> DATASET ENTRIES:
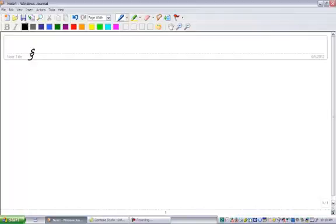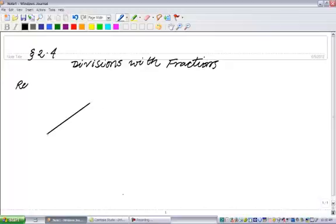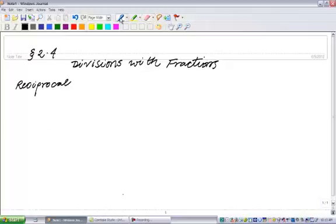This is section 2.4 on division with fractions. Have you heard the word 'reciprocal' before? The word reciprocal means that if I have two numbers, they are called the reciprocal of each other if their product is one. So what's the reciprocal of two?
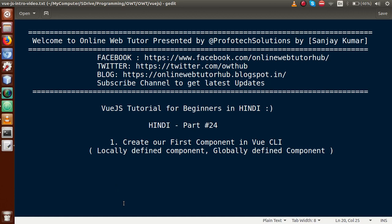Hello guys, welcome to Online Web Tutor presented by Prophotex Solutions team. I am Sanjay. We are learning Vue.js tutorial for beginners in Hindi, and this is our part 24. In this video session guys, we will create our first component in Vue CLI. If you are a beginner to this channel, please don't forget to subscribe and keep watching our previous video sessions.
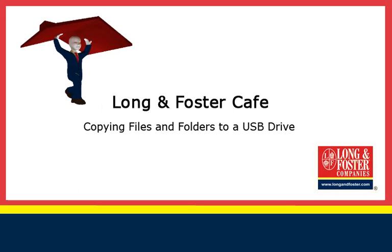Welcome to this video. This video will provide details on how to copy files and folders to a USB flash drive using a Microsoft Windows PC.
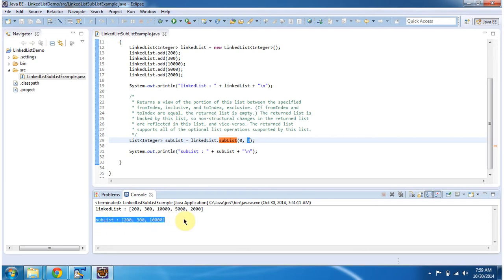This is how to get a sublist from a linked list. Thanks for watching.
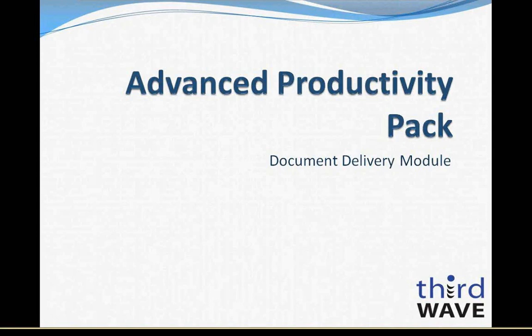Welcome to the Third Wave Business Systems Advanced Productivity Pack Document Delivery Module Overview. My name is Dennis Tucker, I'm a Technical Manager at Third Wave.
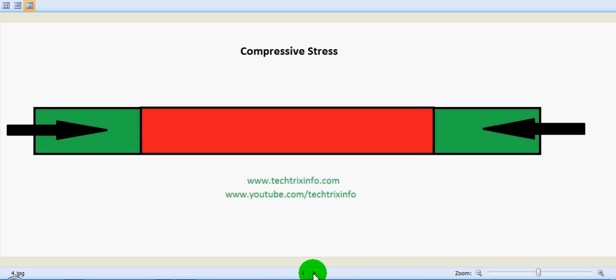What is compressive stress? When a section is subjected to two equal and opposite pushes—you can see the arrows pushing inside—as a result of which the body tends to shorten.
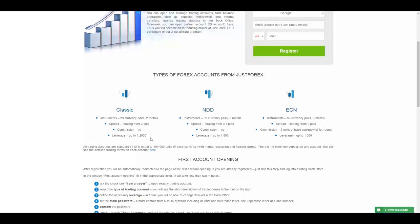In the NDD account you will have access to 98 currency pairs, three metals, and the spread is floating starting from 0.8 pips. You pay no commission and you will have leverage up to 500.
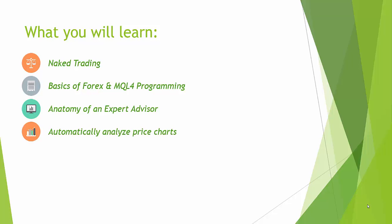We will look at how to automatically analyze the price chart. So how we can look back at bars and then make a decision at the current time point. I will teach you how to make your own buy and sell orders in MQL4 and all the variables that are included to make a responsible order.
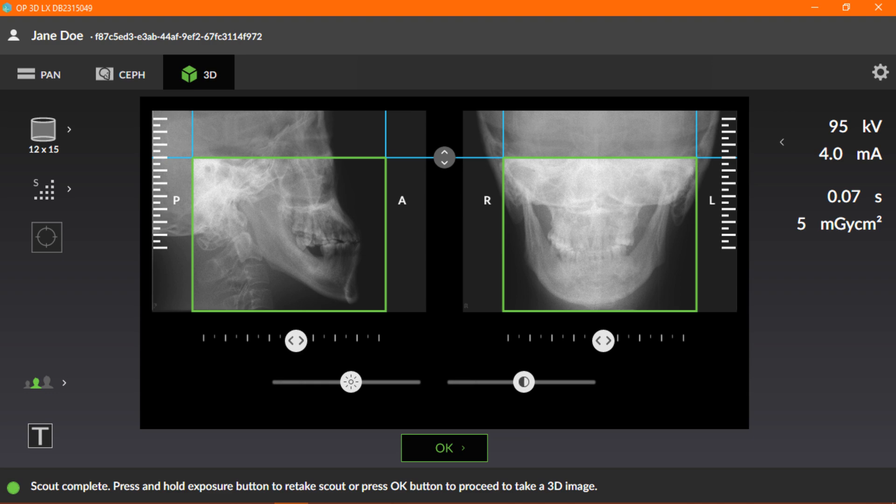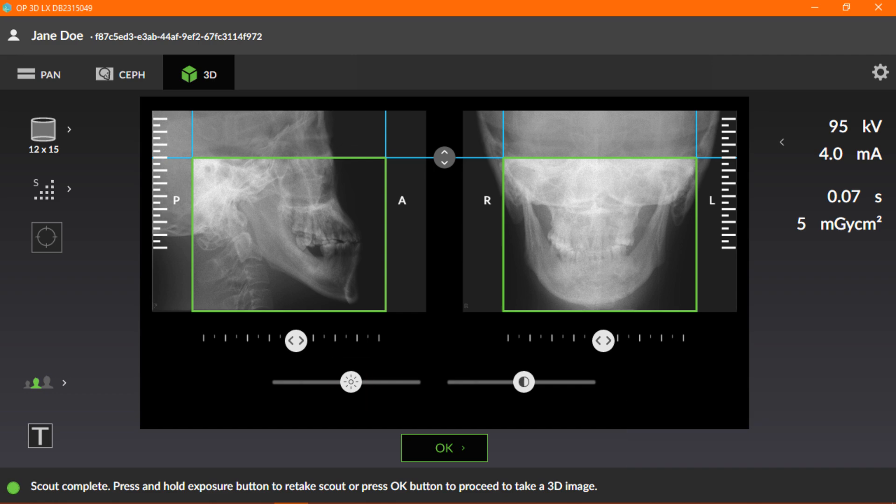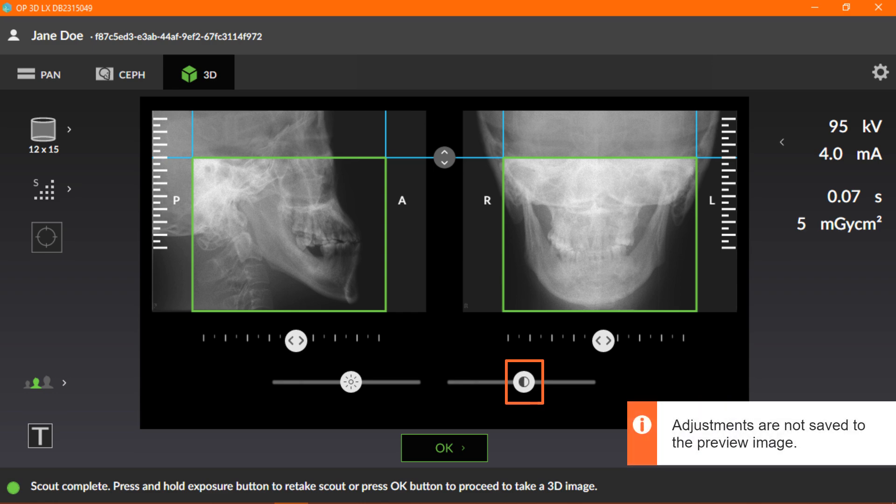You can adjust the brightness of the image using the brightness slider. Please note that adjustments are not saved to the preview image. You can adjust the contrast of the image preview using the contrast slider. Again, adjustments are not saved to the preview image.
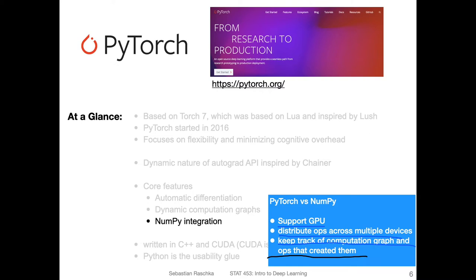PyTorch is essentially NumPy with additional convenience functions that make our life as deep learning researchers much easier. This is the official PyTorch website, and I will highlight some aspects from it — tutorials, documentation, further resources, and so forth. This would be the main website to visit if you want to learn more about PyTorch.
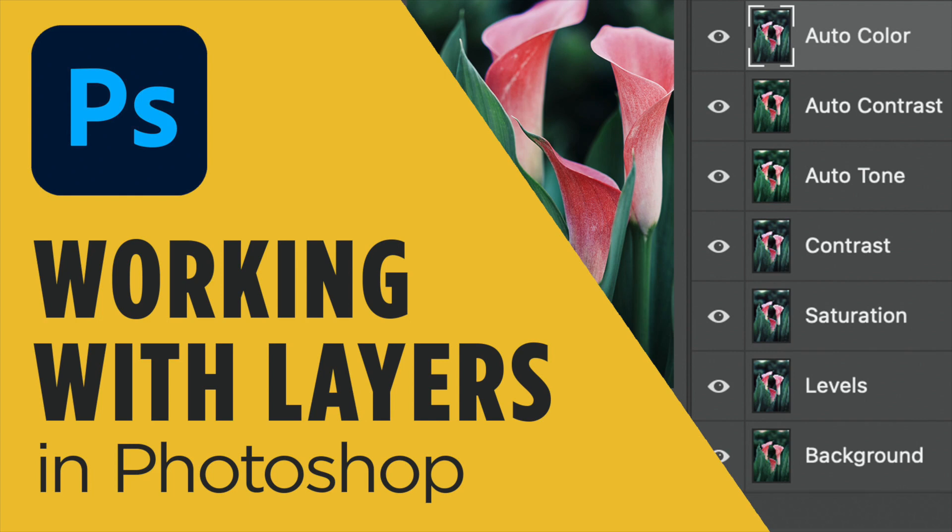In today's tutorial we are going to talk about how to work with layers in Photoshop while adding tones and filters to photographs.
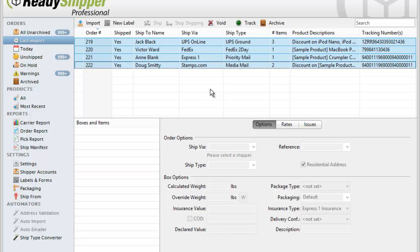As you can see, ReadyShipper makes shipping easy for your BigCommerce storefront. Get signed up for your free trial today.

> ACTION ITEM:
The data must be printed exactly, image-free.

> OUTPUT FOR THIS EXERCISE:
This is section 2.4 on division with fractions. Have you heard the word 'reciprocal' before? The word reciprocal means that if I have two numbers, they are called the reciprocal of each other if their product is one. So what's the reciprocal of two?
Hello guys, welcome to Online Web Tutor presented by Prophotex Solutions team. I am Sanjay. We are learning Vue.js tutorial for beginners in Hindi, and this is our part 24. In this video session guys, we will create our first component in Vue CLI. If you are a beginner to this channel, please don't forget to subscribe and keep watching our previous video sessions.
Welcome to this video. This video will provide details on how to copy files and folders to a USB flash drive using a Microsoft Windows PC.
This is how to get a sublist from a linked list. Thanks for watching.
Welcome to the Third Wave Business Systems Advanced Productivity Pack Document Delivery Module Overview. My name is Dennis Tucker, I'm a Technical Manager at Third Wave.
What is compressive stress? When a section is subjected to two equal and opposite pushes—you can see the arrows pushing inside—as a result of which the body tends to shorten.
In the NDD account you will have access to 98 currency pairs, three metals, and the spread is floating starting from 0.8 pips. You pay no commission and you will have leverage up to 500.
We will look at how to automatically analyze the price chart. So how we can look back at bars and then make a decision at the current time point. I will teach you how to make your own buy and sell orders in MQL4 and all the variables that are included to make a responsible order.
You can adjust the brightness of the image using the brightness slider. Please note that adjustments are not saved to the preview image. You can adjust the contrast of the image preview using the contrast slider. Again, adjustments are not saved to the preview image.
PyTorch is essentially NumPy with additional convenience functions that make our life as deep learning researchers much easier. This is the official PyTorch website, and I will highlight some aspects from it — tutorials, documentation, further resources, and so forth. This would be the main website to visit if you want to learn more about PyTorch.
In today's tutorial we are going to talk about how to work with layers in Photoshop while adding tones and filters to photographs.
As you can see, ReadyShipper makes shipping easy for your BigCommerce storefront. Get signed up for your free trial today.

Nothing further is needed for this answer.